- Goromonzi Location within Zimbabwe
- Coordinates: 17°51′18″S 31°22′33″E﻿ / ﻿17.85500°S 31.37583°E
- Country: Zimbabwe
- Province: Mashonaland East
- District: Goromonzi District
- Elevation: 1,465 m (4,806 ft)

Population (2012 Census)
- • Total: 4,732
- Time zone: UTC+1 (CET)
- • Summer (DST): UTC+1 (CEST)

= Goromonzi =

Goromonzi is a rural community in East Mashonaland, Zimbabwe, 20 mi southeast of the country's capital city of Harare. The people are principally from the Shona tribe. The village serves as a trading centre for commercial, communal and co-operative farms.
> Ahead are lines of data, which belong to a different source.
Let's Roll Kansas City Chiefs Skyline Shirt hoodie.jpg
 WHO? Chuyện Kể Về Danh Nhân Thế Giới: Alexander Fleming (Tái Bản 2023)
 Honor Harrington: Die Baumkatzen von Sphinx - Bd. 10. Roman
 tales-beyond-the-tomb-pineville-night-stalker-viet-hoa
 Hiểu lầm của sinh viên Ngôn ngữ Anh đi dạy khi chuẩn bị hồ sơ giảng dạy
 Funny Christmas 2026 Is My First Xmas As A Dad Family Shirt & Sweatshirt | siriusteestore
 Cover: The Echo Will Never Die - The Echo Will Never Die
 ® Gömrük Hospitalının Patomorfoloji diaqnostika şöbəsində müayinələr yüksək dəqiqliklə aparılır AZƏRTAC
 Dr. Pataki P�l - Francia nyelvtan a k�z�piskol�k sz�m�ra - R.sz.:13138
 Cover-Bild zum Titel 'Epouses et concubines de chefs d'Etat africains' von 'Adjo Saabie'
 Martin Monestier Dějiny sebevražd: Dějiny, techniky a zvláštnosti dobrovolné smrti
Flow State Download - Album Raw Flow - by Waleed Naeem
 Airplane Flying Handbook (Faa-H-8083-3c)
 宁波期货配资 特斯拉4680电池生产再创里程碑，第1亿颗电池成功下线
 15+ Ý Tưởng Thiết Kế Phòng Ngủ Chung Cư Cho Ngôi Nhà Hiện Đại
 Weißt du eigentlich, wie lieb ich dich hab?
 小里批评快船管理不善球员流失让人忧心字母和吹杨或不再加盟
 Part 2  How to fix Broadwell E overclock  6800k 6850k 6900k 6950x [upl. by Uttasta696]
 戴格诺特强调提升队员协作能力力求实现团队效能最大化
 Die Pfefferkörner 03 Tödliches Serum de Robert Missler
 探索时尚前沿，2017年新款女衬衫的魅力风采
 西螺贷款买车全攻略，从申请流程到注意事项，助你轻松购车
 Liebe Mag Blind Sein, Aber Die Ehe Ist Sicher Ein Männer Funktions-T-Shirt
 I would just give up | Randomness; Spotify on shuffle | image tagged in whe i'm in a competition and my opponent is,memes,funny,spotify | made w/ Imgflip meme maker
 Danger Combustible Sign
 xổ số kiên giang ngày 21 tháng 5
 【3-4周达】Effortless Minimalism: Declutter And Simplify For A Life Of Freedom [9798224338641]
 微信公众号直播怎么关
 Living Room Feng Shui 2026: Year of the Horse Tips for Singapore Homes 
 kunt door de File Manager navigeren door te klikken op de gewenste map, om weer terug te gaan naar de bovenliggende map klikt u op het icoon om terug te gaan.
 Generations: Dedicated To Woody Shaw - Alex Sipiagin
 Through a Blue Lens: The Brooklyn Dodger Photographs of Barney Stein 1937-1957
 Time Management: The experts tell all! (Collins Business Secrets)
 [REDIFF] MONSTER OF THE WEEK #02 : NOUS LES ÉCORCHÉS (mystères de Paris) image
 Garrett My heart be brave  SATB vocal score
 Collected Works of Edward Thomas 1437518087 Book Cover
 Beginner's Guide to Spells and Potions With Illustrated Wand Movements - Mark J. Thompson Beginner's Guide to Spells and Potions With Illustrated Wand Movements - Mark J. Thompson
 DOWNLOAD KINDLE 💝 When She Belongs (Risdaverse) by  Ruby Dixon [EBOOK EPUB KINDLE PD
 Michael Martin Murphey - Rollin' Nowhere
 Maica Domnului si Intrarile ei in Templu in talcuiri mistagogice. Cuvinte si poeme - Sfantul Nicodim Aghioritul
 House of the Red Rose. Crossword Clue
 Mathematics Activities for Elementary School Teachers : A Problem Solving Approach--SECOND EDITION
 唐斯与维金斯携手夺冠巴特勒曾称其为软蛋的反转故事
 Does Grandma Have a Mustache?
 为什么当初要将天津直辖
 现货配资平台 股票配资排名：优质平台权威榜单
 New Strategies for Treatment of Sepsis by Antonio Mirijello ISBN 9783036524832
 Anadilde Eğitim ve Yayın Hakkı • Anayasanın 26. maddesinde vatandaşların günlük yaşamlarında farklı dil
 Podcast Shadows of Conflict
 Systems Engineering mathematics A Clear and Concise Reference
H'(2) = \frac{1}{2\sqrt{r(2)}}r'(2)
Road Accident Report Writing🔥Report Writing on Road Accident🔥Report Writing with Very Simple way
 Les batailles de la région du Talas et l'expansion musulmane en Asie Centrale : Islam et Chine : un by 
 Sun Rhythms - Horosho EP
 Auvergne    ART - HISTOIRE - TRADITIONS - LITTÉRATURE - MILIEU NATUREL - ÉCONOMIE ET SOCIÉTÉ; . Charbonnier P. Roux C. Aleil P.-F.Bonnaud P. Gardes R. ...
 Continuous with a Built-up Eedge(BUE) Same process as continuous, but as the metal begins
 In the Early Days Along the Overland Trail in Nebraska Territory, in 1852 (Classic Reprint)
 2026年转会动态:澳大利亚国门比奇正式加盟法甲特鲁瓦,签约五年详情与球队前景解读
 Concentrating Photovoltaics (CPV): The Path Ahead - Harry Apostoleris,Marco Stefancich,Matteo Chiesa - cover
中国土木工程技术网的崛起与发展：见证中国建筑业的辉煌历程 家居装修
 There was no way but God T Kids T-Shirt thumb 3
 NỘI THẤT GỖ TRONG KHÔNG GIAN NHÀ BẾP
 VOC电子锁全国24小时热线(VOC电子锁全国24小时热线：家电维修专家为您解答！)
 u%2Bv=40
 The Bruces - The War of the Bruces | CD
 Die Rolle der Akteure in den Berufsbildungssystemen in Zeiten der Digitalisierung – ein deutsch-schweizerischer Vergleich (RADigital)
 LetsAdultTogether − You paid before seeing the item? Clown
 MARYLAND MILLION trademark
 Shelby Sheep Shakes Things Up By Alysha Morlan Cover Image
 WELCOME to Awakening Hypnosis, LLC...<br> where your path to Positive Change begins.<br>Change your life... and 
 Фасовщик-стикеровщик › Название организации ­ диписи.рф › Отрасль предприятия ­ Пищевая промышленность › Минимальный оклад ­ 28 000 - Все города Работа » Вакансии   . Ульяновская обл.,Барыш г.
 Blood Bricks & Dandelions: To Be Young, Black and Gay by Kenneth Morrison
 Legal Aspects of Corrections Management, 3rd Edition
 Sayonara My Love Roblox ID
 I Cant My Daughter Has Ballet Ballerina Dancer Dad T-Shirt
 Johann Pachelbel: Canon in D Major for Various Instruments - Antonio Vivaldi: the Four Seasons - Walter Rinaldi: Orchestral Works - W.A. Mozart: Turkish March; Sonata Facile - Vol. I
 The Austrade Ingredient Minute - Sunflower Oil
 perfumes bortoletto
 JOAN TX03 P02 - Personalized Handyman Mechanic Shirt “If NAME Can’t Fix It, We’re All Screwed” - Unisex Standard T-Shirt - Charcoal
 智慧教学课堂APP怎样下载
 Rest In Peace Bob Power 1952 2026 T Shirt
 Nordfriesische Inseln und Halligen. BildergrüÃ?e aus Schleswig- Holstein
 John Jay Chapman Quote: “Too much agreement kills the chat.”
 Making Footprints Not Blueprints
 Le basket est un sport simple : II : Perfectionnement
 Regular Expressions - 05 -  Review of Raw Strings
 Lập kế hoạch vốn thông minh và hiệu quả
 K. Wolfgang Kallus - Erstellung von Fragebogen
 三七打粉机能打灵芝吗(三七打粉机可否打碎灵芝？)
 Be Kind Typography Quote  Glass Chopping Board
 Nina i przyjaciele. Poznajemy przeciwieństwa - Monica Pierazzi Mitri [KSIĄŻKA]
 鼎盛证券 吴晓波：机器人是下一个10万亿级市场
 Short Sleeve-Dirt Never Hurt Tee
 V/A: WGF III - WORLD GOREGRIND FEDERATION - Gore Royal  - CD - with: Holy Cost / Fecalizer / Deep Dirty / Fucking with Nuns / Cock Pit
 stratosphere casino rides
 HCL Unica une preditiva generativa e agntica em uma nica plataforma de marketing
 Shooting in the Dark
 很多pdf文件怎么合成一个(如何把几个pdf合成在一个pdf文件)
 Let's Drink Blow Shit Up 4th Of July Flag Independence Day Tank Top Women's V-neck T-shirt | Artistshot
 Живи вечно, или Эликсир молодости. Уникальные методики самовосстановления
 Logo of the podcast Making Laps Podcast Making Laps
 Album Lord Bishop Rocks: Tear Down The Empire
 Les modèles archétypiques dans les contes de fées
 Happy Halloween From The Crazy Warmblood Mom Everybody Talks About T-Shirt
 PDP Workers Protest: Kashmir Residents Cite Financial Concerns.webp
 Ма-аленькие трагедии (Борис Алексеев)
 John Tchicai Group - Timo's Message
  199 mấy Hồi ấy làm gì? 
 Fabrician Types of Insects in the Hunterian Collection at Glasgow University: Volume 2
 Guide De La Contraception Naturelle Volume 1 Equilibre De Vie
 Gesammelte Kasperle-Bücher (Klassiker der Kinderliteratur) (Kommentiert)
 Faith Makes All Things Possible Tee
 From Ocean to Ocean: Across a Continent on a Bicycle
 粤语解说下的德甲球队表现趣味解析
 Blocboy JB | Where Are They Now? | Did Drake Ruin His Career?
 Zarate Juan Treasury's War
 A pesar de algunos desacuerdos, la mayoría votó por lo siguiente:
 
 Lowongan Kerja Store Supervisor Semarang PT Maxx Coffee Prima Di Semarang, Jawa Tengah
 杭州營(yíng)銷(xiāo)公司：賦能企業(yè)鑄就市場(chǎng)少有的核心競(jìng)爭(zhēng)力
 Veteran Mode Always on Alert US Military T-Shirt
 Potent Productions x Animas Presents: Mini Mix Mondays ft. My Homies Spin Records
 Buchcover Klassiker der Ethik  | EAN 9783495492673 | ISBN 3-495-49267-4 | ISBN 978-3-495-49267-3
It is also the administrative centre for the Chinyika communal land and Goromonzi District. The community is located on a subsidiary road north of the A3 highway to Harare. Goromonzi Hill, at 1581 m, is just southeast of the town.

The global rise in lithium prices in the early 2020s triggered a 'lithium rush' in which artisanal miners occupied a privately owned lithium claim area in Goromonzi. The artisanal miners were later evicted after the area was cordoned off and shut down by Zimbabwe’s Environmental Management Agency.